Now, one day in a small town called Cacak in the North of Serbia, there was a tractor driver called Pavel.
Pavel owned a farm, but now he was facing ruin. He could not afford the petrol to run his tractor fuel prices were to high. Not just that, but food, gas - he and his family couldn't afford to live.
In despair, he sold what little he owned and with the proveeds he bought enough petrol to fill the tank of his tractor. Then he headed for Belgrade.
There was a mood of rebellion throughout Serbia, miners had been on strike and some were marching to Serbia to join a mass protest with students and other workers. The police were told to stop the miners at all costs, Milosevic knew that they would be the muscle if there was to be a riot. They set up armed road blocks, and piled rubble in front of tunnels, effectively keeping the miners away from the capital.
There was a standoff. It looked like Milosevic would win the day. They reckoned without Pavel and his tractor.
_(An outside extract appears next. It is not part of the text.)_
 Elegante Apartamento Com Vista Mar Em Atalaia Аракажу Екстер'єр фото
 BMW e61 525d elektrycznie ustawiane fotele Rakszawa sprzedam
At one road block, Pavel saw the armed police and the powerless miners. He talked to the miners. There was a flurry of activity. Within and hour or two, the miners had welded a huge steel plate to the front of Pavels tractor. Pavel gunned the motor and headed for the road block.Behind him hundreds of miners shielded themselves from the cracking guns of the police, but the truth was that the police had no stomach to shoot their own countrymen and as Pavel shoved the road blocks aside, the miners, with little resistance, seized the weapons of the police. Some of the police even switched sides and joined the miners.
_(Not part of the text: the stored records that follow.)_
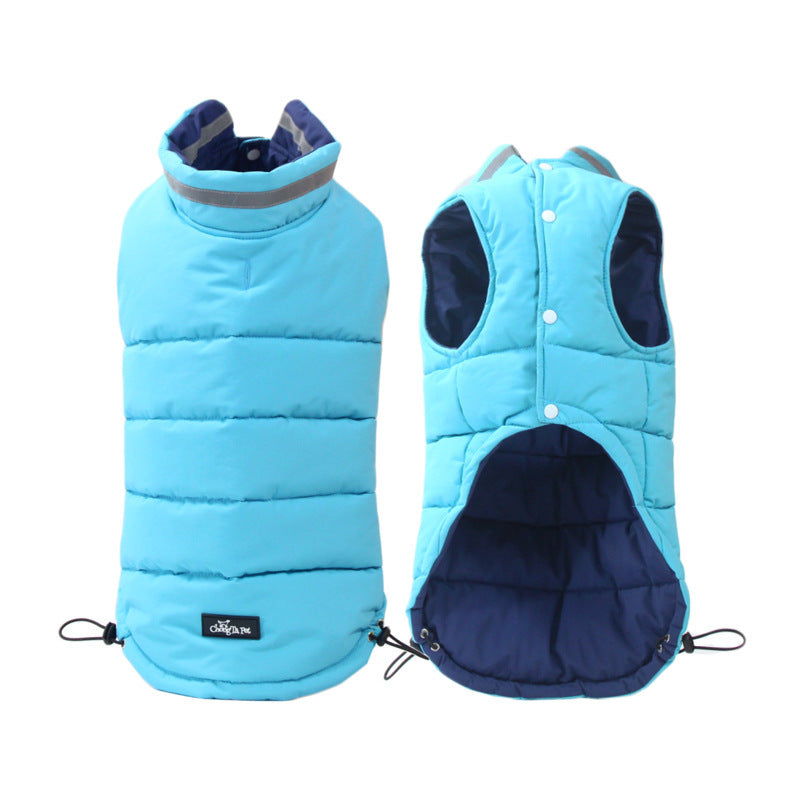 Reflective Outdoor Pet Jacket Double-sided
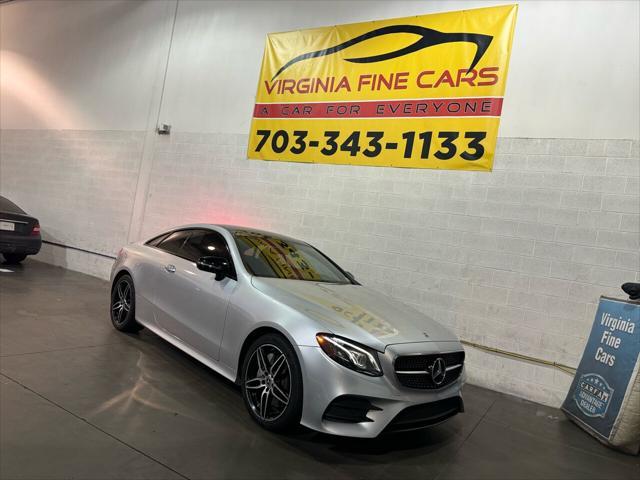 used 2019 Mercedes-Benz E-Class car, priced at $28,495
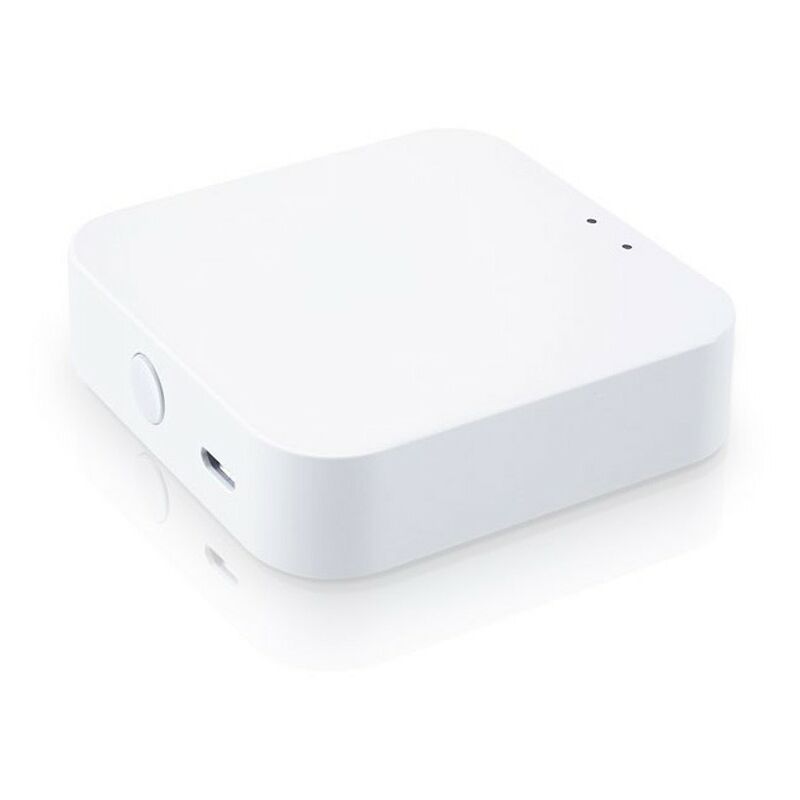 foto del prodotto smart gateway wifi zigbee e bluetooth 2in1 - tuya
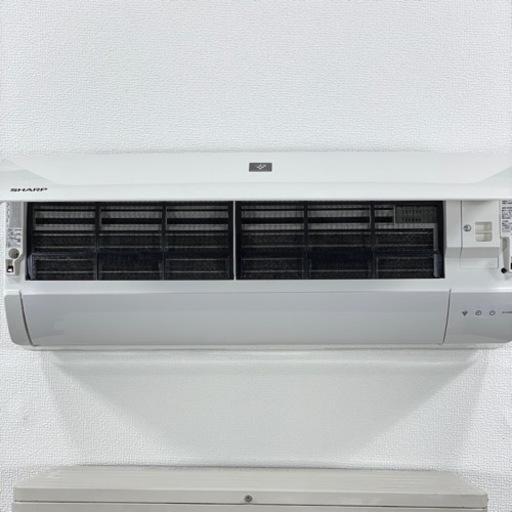 シャープ 8畳用 ルームエアコン 2019年製 工事費込み #7792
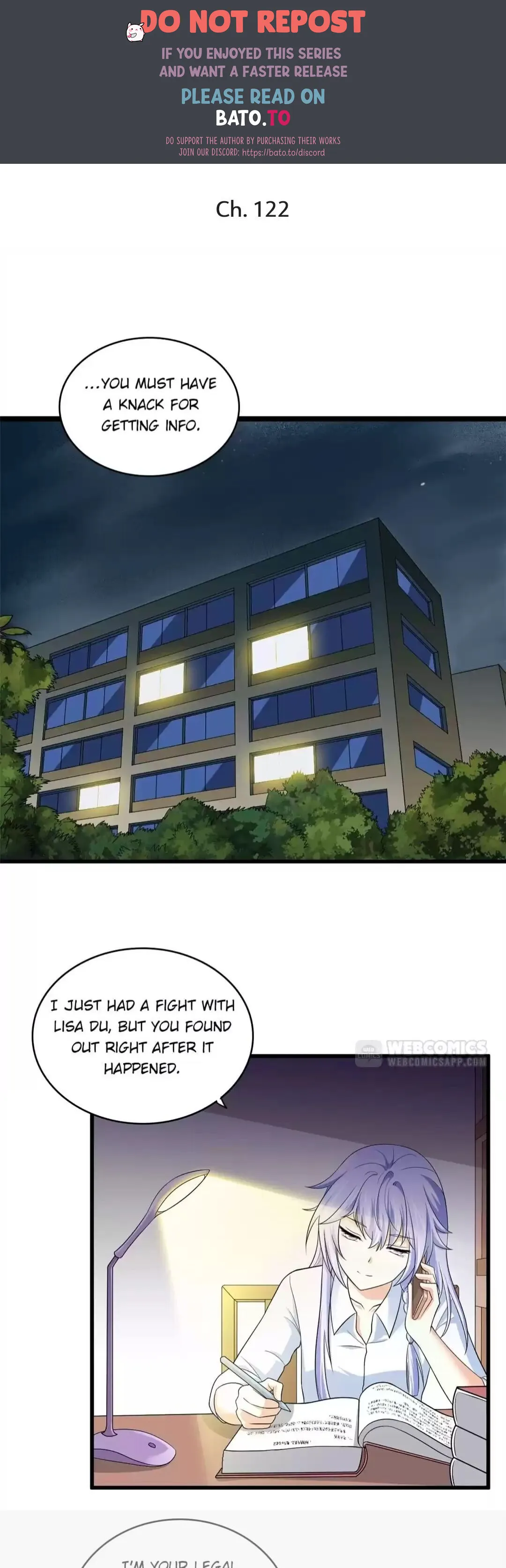 Read The Vengeance chapter 122 image 0 on Lezhin
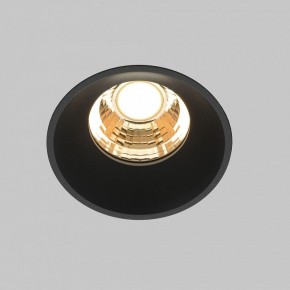 Встраиваемый светильник Maytoni Round DL058-7W2.7K-TRS-B в Красноуральске - krasnouralsk.ok-mebel.com | фото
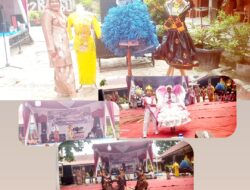 Pelepasan Siswa SDN 22 Bathin Solapan Hadirkan Juara Fashion Show International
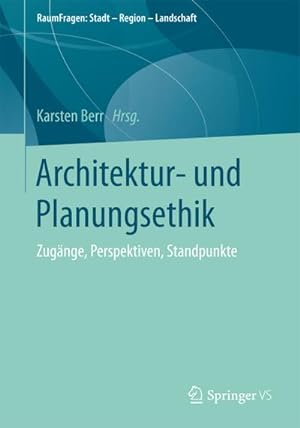 Seller image for Architektur- und Planungsethik for sale by BuchWeltWeit Ludwig Meier e.K.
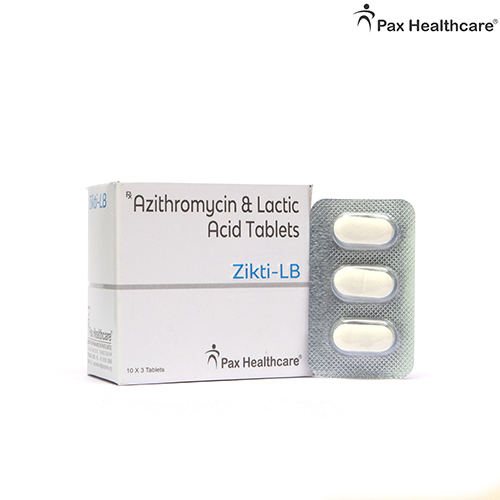 ZIKTI-LB TABLETS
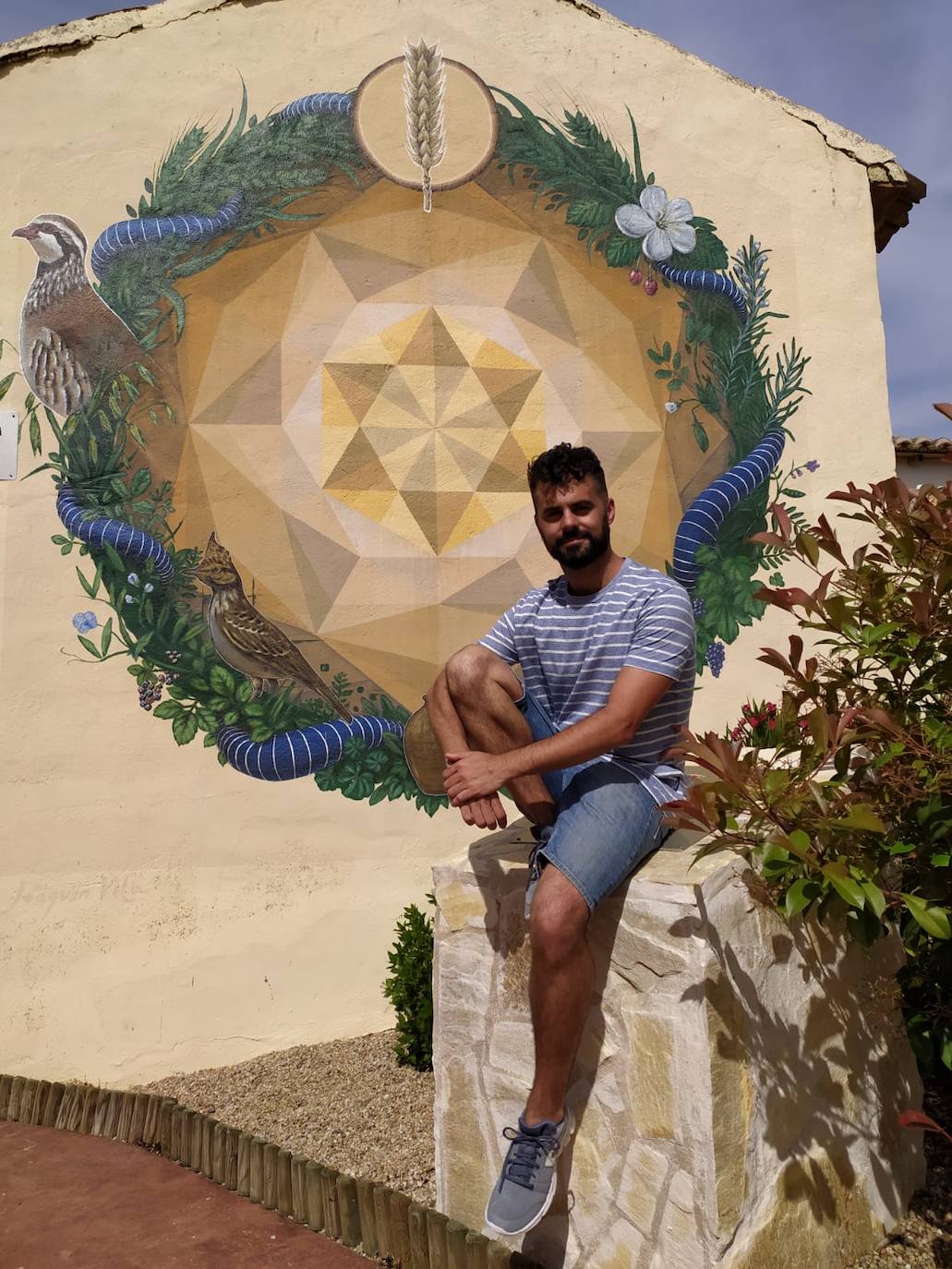 De San Sebastián a Villaherreros para montar un 'escape room' que divulgue Tierra de Campos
Rumour grew, there was a way into Belgrade, thousands of people flocked to follow Pavels humble tractor. When they came to a blocked tunnel, Pavel went to work again, clearing the rubble, while the miners with their picks and shovels hacked away at the blockade until it crumbled. With their numbers growing with each mile, every road block was simply overrun, and the defectors joined their swelling ranks.
Eventually they reached Belgrade. In despair Milosevic ordered the army to stop Pavels convoy, but the army refused, saying that this was a popular protest, they would remain neutral, it was up to the police to take any action.
Milosevic was defiant to the end, but the end came, thaks one last time to Pavel. Pavel at the head of thousands of cheering protestors, drove his tractor up the steps of the Parliament building and crashed into the heavy doors, but they held fast. Pavel was undaunted. He reversed, he urged his tractor forward again and it thumped into the stubborn wood.
This times the doors buckled with a groan...
One last time Pavel coaxed the mighty hearted tractor forward and this time those mighty doors caved in. With one mighty cheer, the protestors surged forward through the gaping hole, the revolution had won the day.
The rest is history.
One small man, on a small tractor, with the determination, the will and the support of the people of his country behind him, drove from his humble dwelling deep in the countryside and bought down the brutal government of Slobodan Milosevic.